Problem to work on:
From the records below, print only the part that opens with the line containing "2023 Lucid Air Pure" and closes with the line containing "Townhouse For Sale In Akasia - Photo 9"; omit the pictures.

Provided material:
"""

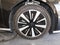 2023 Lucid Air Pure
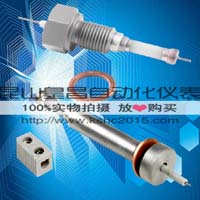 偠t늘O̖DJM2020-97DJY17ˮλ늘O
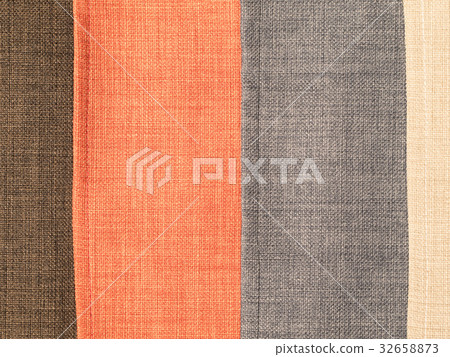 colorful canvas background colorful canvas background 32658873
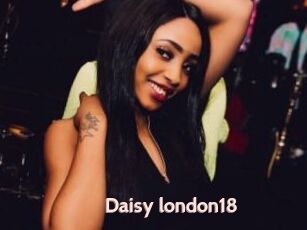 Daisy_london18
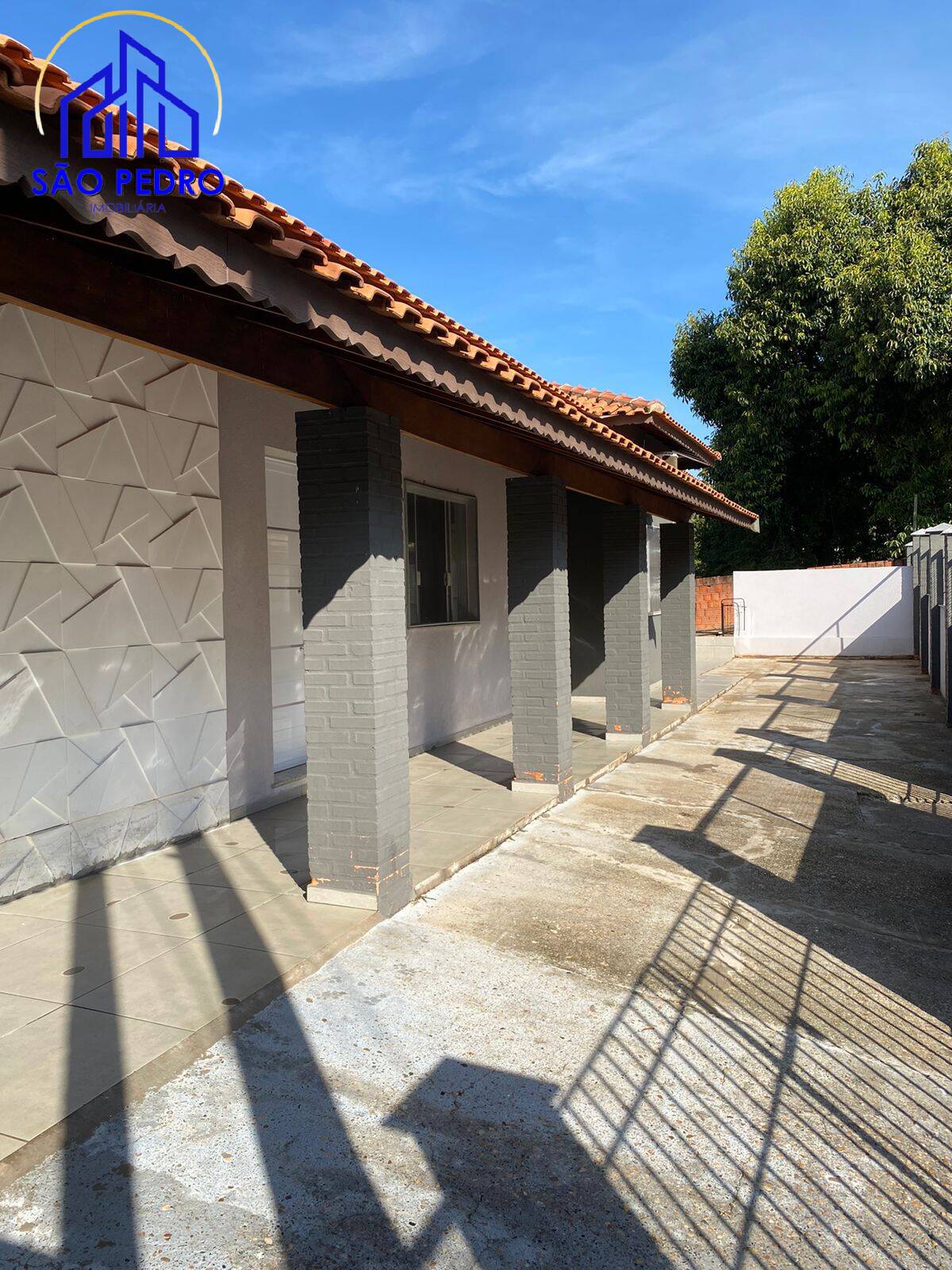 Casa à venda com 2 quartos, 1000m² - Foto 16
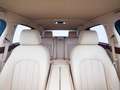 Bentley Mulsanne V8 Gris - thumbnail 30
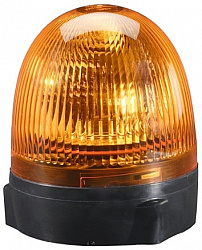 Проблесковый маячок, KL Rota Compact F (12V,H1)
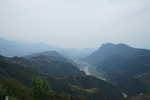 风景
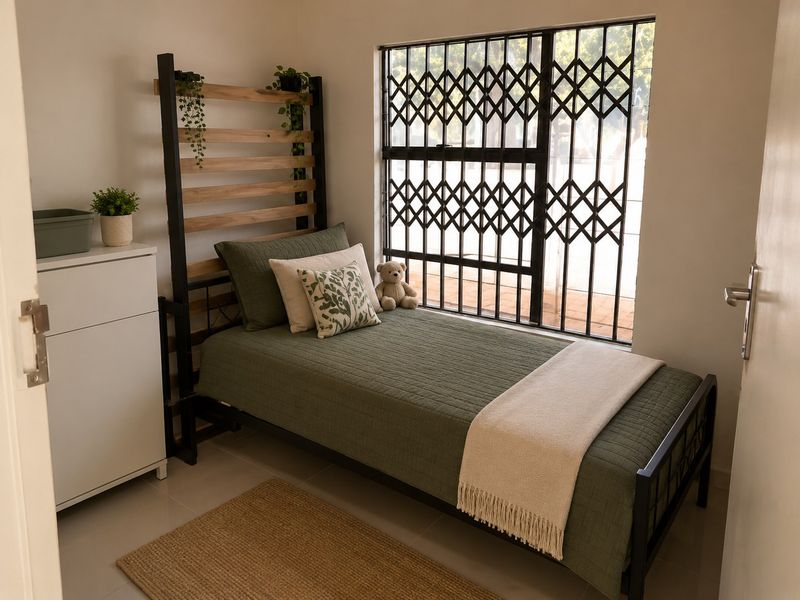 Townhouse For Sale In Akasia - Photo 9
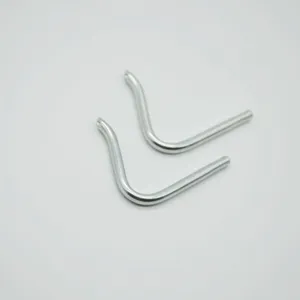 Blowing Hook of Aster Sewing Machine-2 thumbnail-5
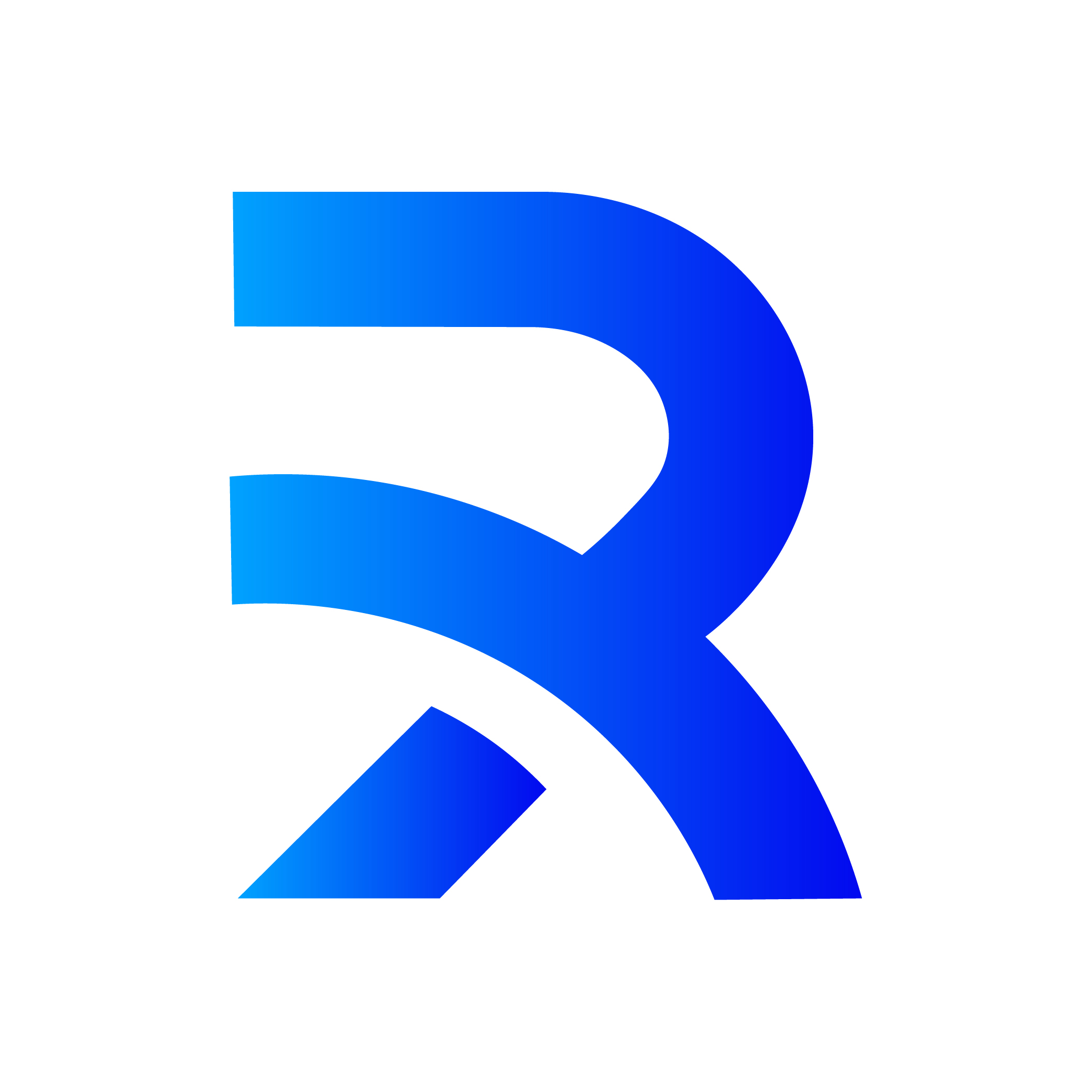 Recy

"""
"""

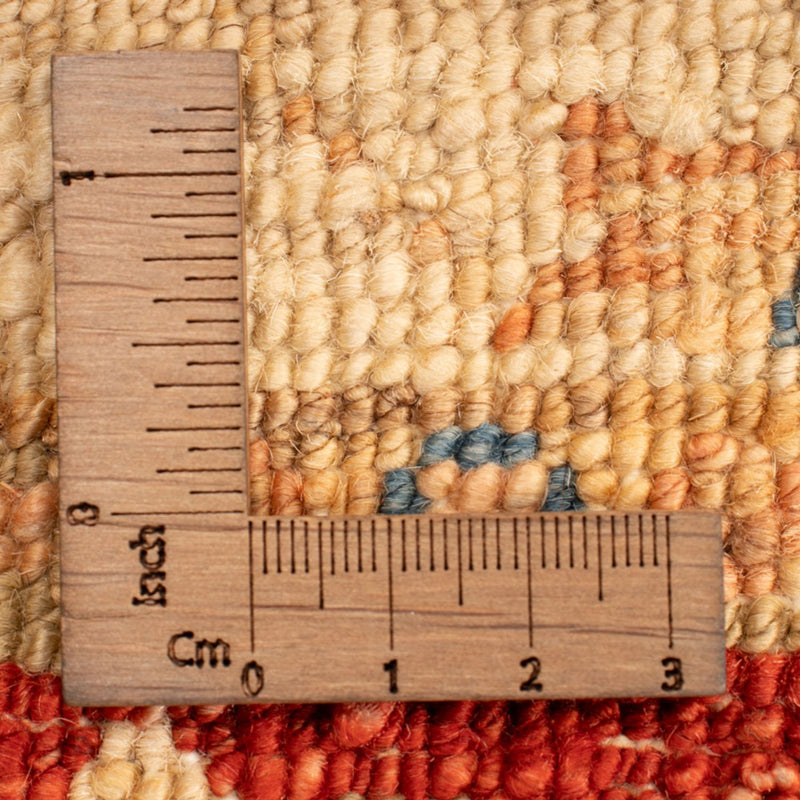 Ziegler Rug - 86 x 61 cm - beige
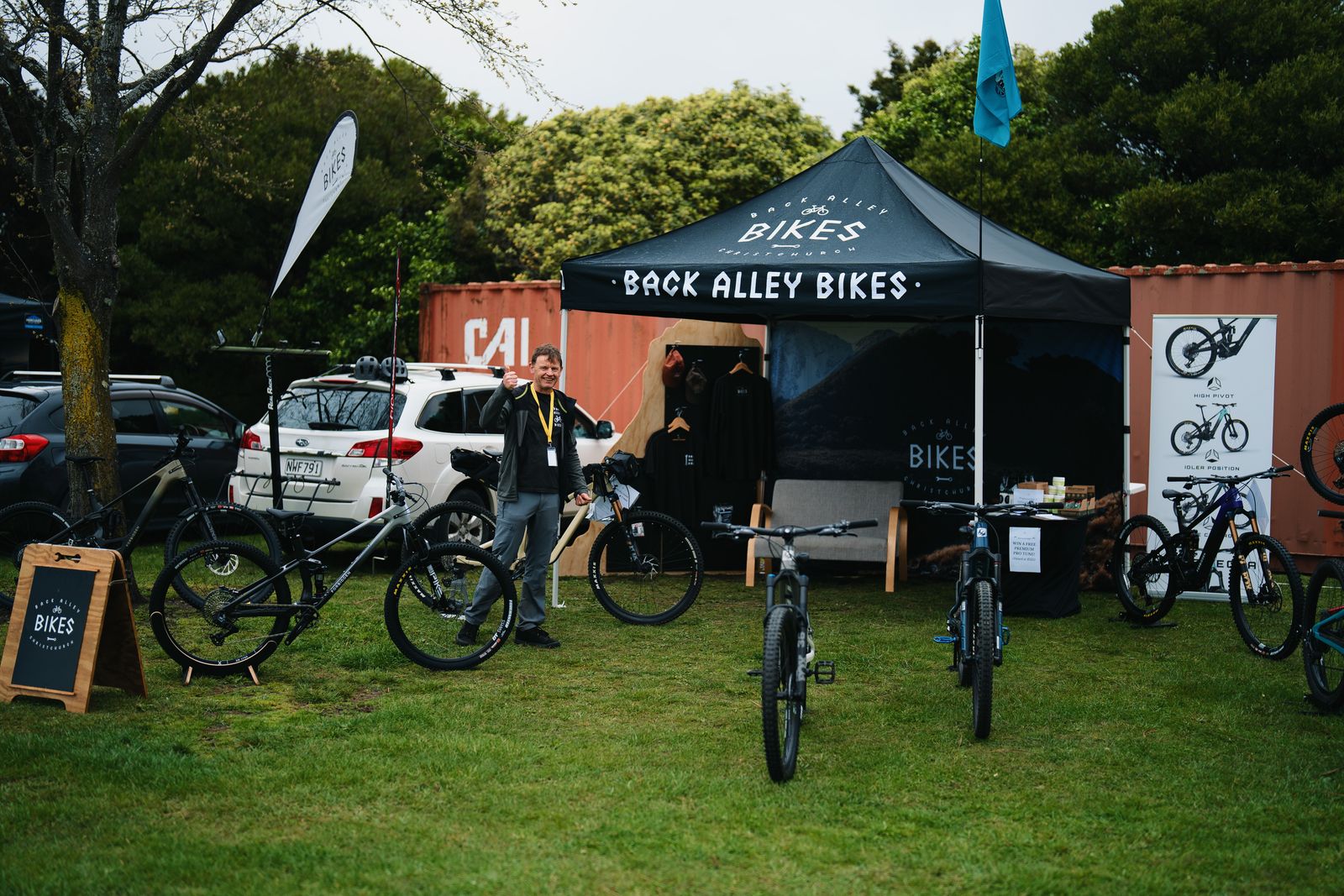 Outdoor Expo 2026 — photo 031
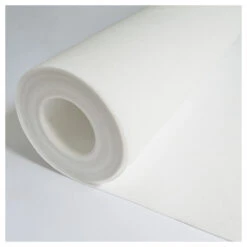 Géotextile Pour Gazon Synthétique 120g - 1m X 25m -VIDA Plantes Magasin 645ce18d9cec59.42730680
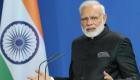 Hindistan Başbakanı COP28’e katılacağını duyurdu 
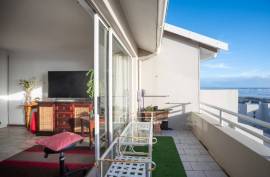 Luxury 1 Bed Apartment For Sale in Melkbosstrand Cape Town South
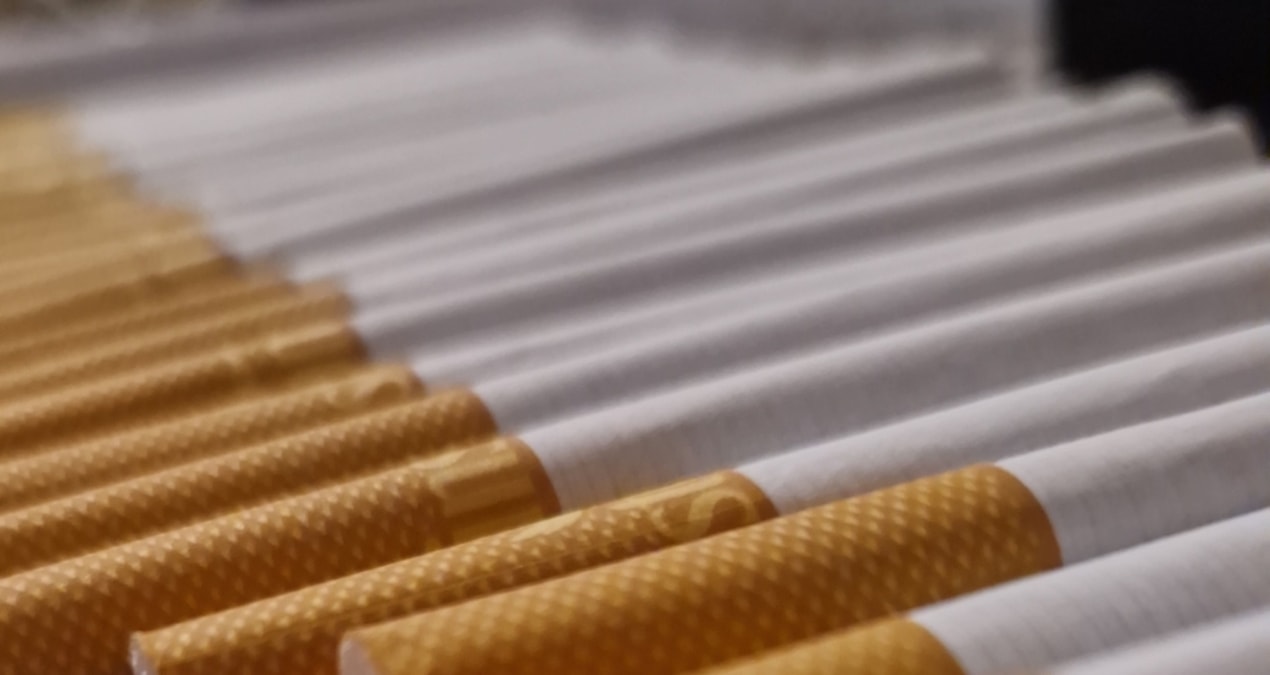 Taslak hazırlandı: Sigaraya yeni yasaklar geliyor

"""
"""

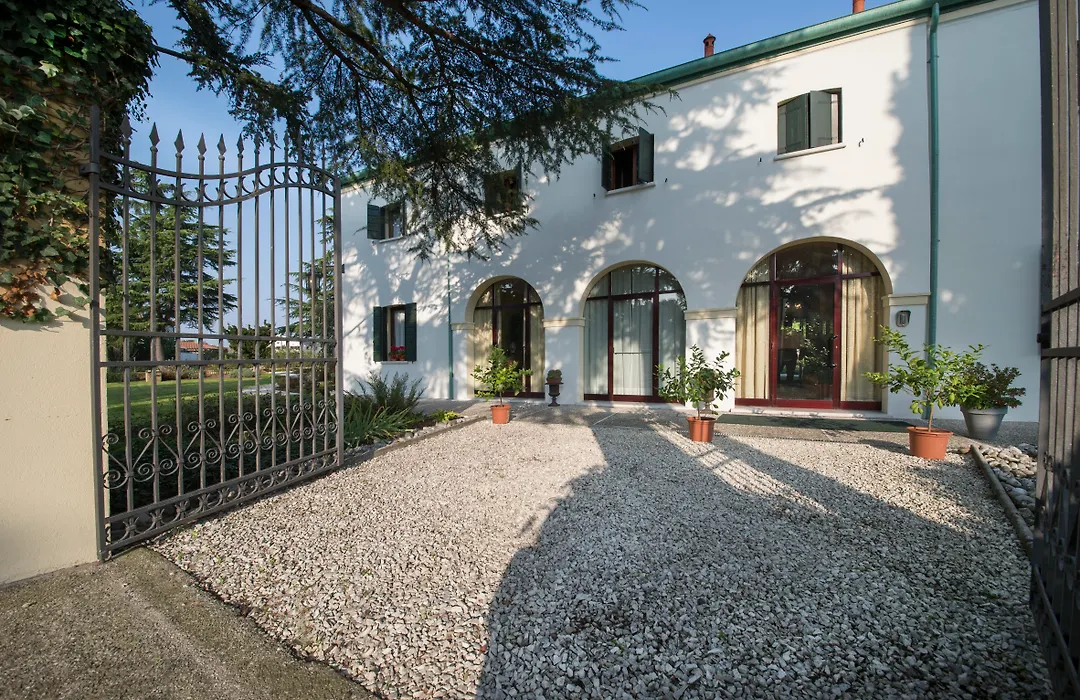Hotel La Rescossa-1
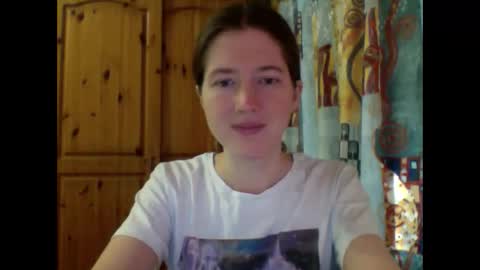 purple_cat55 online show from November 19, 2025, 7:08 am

"""

Result of the exercise:
 2023 Lucid Air Pure
 偠t늘O̖DJM2020-97DJY17ˮλ늘O
 colorful canvas background colorful canvas background 32658873
 Daisy_london18
 Casa à venda com 2 quartos, 1000m² - Foto 16
 Bentley Mulsanne V8 Gris - thumbnail 30
 Проблесковый маячок, KL Rota Compact F (12V,H1)
 风景
 Townhouse For Sale In Akasia - Photo 9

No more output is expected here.